TAJOURA più che una cittadina, è un conglomerato di case, ristori all’aperto e bancarelle lungo uno stradone alla periferia ovest di Tripoli. E, dall’inizio dell’offensiva del generale Haftar, il 4 aprile, questa è la strage di civili più grande, che in un colpo solo ha eguagliato il bilancio dei civili libici rimasti vittime del conflitto in questi tre mesi esatti. Hussein bin Attieh Al Ahrar, anziano di Tajoura ha raccontato che nella notte sono stati due i raid che hanno colpito la prigione per migranti. Un attacco deliberato del generale Haftar ora in difficoltà, dopo la disfatta e la cacciata dalla strategica cittadina di Gharyan dove aveva il suo centro logistico? È questa l’accusa che gli viene dai nemici del cosiddetto «governo di accordo nazionale» guidato da Fayez Serraj, il premier di Tripoli che non più tardi di lunedì scorso era a Milano a colloquio con il ministro Matteo Salvini a chiedere maggiore appoggio, anche militare, in cambio delle solite assicurazioni sul dossier migranti – i respingimenti della sua Guardia costiera – ciò che a Salvini interessa della Libia, più petrolio e affari.
«Un crimine di guerra», ha tuonato ieri Serraj, e così ha detto anche in una nota ufficiale il governo turco, suo dichiarato alleato militare, chiedendo un’indagine indipendente delle Nazioni Unite. Che lo sia, un crimine di guerra, è indubbio, lo ha ripetuto lo stesso inviato speciale Onu per la Libia Ghassam Salamé, più Mogherini per la Ue, l’Unione africana.

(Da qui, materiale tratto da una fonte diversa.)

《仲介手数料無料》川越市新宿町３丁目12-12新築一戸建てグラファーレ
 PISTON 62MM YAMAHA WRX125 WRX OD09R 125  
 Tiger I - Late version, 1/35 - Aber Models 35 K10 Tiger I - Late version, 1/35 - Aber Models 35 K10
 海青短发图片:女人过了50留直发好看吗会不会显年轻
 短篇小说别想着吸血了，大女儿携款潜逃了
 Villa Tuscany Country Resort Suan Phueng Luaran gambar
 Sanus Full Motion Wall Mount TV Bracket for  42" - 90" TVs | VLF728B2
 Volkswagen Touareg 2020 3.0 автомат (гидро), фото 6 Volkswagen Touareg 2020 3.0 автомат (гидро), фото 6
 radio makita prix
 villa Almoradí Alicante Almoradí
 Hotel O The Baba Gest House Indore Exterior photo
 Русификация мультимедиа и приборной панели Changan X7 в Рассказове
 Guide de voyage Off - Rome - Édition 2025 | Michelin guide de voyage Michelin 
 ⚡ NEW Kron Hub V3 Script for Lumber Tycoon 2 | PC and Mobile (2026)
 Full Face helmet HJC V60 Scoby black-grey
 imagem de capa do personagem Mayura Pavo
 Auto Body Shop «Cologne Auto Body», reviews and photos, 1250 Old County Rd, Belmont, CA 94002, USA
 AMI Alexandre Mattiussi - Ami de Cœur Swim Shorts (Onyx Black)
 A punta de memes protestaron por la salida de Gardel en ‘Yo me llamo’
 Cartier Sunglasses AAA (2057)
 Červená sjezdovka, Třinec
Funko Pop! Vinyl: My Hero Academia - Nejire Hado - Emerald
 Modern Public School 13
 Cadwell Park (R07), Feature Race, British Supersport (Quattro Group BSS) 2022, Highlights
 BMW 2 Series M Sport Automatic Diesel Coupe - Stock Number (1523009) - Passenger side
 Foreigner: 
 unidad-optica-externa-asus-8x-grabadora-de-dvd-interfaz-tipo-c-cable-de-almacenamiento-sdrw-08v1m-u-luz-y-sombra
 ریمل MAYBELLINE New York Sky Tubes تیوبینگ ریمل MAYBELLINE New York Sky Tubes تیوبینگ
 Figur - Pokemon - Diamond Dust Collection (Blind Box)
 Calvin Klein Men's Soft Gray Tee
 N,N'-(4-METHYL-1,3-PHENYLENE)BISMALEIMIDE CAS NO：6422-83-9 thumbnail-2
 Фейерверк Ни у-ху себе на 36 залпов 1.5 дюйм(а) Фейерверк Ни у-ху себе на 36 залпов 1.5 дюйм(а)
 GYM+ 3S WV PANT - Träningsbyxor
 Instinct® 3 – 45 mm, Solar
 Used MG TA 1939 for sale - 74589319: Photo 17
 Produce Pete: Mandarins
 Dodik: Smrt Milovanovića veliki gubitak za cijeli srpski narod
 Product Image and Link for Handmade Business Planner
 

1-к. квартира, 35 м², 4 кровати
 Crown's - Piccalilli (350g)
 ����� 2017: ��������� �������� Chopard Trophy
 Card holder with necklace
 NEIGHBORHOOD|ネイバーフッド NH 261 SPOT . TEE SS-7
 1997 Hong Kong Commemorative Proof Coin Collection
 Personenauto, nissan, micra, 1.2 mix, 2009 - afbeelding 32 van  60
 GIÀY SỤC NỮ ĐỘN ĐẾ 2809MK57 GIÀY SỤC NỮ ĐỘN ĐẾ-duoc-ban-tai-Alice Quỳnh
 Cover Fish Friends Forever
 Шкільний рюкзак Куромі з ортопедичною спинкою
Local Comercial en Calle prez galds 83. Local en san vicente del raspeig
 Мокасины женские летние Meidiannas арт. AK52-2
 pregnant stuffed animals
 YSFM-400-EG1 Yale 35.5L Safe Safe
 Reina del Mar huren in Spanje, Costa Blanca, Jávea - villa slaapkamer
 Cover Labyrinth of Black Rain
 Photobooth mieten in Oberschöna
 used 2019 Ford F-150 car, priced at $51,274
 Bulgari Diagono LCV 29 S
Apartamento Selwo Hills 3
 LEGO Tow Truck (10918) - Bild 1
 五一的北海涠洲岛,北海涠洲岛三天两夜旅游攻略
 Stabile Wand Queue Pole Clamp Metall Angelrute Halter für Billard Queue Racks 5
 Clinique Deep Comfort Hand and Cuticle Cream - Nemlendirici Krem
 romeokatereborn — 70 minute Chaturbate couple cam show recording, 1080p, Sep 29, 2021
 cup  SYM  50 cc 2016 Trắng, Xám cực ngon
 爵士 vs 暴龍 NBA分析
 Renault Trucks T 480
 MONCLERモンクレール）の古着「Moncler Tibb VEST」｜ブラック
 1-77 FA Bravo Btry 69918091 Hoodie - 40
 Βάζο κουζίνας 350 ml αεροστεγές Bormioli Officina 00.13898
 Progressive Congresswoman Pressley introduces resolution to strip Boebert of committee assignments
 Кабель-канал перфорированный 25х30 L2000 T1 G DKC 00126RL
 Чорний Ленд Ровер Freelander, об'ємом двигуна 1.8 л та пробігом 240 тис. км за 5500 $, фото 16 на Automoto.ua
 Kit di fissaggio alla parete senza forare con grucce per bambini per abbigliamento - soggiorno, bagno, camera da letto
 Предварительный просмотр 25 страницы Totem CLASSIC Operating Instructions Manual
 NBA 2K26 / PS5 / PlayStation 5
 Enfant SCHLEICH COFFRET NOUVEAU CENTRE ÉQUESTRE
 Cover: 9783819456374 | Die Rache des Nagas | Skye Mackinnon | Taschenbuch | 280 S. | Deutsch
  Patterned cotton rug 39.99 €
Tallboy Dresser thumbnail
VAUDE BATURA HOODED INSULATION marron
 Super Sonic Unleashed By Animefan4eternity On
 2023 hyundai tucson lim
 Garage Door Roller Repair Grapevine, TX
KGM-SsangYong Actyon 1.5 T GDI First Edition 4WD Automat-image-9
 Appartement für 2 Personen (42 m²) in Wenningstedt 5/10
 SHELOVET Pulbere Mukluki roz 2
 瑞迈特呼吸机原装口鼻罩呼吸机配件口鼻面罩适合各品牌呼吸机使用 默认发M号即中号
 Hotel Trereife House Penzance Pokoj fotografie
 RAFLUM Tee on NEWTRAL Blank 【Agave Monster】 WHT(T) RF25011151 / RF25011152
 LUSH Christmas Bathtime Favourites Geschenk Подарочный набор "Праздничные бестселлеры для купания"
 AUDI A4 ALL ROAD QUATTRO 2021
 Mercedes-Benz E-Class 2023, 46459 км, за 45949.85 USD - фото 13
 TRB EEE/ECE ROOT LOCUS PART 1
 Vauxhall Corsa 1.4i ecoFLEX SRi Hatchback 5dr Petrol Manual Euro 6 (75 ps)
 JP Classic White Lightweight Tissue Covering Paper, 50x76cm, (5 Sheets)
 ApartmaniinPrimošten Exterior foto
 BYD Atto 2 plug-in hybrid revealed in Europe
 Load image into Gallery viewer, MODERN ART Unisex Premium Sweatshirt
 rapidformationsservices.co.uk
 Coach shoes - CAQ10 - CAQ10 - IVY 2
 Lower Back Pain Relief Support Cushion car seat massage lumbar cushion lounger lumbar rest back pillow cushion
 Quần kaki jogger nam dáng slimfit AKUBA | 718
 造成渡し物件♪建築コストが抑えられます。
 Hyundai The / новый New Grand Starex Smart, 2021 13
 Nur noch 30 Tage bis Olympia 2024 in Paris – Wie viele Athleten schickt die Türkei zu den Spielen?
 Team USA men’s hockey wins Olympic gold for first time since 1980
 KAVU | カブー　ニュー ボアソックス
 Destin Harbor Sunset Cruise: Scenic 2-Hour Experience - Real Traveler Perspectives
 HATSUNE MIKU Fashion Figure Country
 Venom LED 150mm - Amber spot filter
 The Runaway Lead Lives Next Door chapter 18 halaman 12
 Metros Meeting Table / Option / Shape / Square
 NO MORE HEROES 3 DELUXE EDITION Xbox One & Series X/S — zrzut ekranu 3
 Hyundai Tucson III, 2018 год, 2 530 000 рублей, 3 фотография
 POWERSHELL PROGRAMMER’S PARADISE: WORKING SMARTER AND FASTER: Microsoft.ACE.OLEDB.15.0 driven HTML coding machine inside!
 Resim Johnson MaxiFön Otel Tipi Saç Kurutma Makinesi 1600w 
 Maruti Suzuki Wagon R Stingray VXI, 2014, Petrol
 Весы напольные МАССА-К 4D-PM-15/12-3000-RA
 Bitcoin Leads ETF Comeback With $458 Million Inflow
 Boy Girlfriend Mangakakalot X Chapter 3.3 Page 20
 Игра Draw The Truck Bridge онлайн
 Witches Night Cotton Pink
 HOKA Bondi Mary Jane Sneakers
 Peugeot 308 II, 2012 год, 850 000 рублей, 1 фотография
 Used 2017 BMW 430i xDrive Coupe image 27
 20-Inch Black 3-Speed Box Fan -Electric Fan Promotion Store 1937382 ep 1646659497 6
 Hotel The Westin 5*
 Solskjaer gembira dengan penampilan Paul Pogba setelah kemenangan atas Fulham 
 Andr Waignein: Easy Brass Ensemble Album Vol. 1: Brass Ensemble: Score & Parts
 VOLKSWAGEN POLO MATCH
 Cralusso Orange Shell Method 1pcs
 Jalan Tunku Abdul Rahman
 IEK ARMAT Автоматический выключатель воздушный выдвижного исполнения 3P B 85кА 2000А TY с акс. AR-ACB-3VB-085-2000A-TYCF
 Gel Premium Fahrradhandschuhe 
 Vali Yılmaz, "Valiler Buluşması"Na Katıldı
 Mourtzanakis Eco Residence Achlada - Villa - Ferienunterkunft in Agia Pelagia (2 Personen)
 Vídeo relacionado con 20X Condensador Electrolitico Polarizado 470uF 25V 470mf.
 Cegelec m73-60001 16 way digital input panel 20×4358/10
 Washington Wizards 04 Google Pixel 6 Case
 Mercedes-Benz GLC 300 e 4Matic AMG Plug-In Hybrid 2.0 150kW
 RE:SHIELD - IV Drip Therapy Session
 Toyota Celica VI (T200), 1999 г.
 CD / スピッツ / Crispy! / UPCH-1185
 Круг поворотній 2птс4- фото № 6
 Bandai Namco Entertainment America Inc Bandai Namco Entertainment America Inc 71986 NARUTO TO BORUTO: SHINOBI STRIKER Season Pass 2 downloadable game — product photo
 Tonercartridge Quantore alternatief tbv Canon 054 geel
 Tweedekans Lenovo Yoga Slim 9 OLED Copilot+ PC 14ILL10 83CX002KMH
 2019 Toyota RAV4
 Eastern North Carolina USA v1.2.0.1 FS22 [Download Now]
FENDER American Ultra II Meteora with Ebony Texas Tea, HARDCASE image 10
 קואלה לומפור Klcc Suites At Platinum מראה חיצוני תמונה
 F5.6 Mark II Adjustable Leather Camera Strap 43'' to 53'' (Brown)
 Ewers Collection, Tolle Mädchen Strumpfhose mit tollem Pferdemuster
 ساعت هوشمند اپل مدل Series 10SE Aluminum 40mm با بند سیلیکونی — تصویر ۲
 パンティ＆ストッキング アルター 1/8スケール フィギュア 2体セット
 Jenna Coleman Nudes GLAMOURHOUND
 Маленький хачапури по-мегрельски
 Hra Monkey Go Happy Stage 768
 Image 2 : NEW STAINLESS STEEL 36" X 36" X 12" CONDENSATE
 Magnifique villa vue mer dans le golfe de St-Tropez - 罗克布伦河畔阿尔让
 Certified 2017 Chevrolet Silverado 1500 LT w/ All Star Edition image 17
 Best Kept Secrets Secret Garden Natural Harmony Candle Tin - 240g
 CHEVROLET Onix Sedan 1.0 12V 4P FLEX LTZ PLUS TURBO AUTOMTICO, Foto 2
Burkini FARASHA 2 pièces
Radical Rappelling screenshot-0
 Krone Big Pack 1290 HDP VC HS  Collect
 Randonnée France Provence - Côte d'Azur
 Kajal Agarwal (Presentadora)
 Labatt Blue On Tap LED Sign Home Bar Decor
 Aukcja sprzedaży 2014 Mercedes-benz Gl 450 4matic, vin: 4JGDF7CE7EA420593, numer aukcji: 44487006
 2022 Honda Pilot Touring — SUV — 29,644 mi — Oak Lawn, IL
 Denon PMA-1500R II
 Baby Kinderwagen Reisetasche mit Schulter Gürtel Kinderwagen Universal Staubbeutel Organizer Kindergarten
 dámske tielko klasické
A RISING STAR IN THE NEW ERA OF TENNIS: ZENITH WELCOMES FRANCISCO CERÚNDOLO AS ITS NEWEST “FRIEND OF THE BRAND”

HAFTAR, IL PRINCIPALE INDIZIATO con il suo cosiddetto «Esercito nazionale libico», impegnato proprio in questi giorni e in queste notti nel tentativo di recuperare le posizioni perdute sul terreno, ha rigettato le accuse sul campo opposto. Ma la colpa in guerra è una signora che si vuole infedele sulla bocca di tutti. La missione Unsmil dell’Onu ha dichiarato che al momento non è possibile accertare le responsabilità del massacro, ma l’inchiesta dell’Onu ci sarà, ha confermato il portavoce Charlie Yoxley, naturalmente con i tempi del caso, ed è un caso di guerra.

Un deposito di armi e munizioni è situato proprio a ridosso del «detention camp» ad uso di una delle milizie più grosse di Tajoura, la milizia Daman, la stessa che gestisce, tra torture e degrado, anche il centro per migranti in accordo con la Guardia costiera libica, tant’è che il giornale Libyan Express lo chiama «Daman camp». La milizia in questione combatte insieme alle forze di Misurata in appoggio a Serraj, perciò non è escluso che i 44 migranti uccisi non fossero il vero target, ma solo vittime «incidentali», in quanto impossibilitate a fuggire dei raid di Haftar.

Non è neanche la prima volta che succede, ricorda Alfani di Medici senza Frontiere: il centro per migranti di Tajoura è stato colpito anche all’inizio di aprile e un’altra volta due mesi fa, quando per poco non è stato ucciso un bambino e una donna è rimasta ferita. Infatti a maggio l’Unsmil aveva chiesto al governo che i 600 detenuti in quel capannone fatiscente fossero evacuati, perché troppo vicini alla linea di fuoco.UNA TRAGEDIA ANNUNCIATA, più che un danno collaterale. Il portavoce dell’Organizzazione internazionale per le migrazioni Flavio Di Giacomo sottolinea: «I migranti soccorsi in mare vengono trasferiti nei centri di detenzione dove la loro vita è a rischio, mentre continuano gli scontri,non dovrebbero essere rimandati in Libia». E così il portavoce dell’Lna di Haftar ha facile gioco a propagandare la disponibilità a farsi carico della’ccoglienza a Bengasi. «Le milizie di Serraj – dice al Mismari – li usano come scudi umani».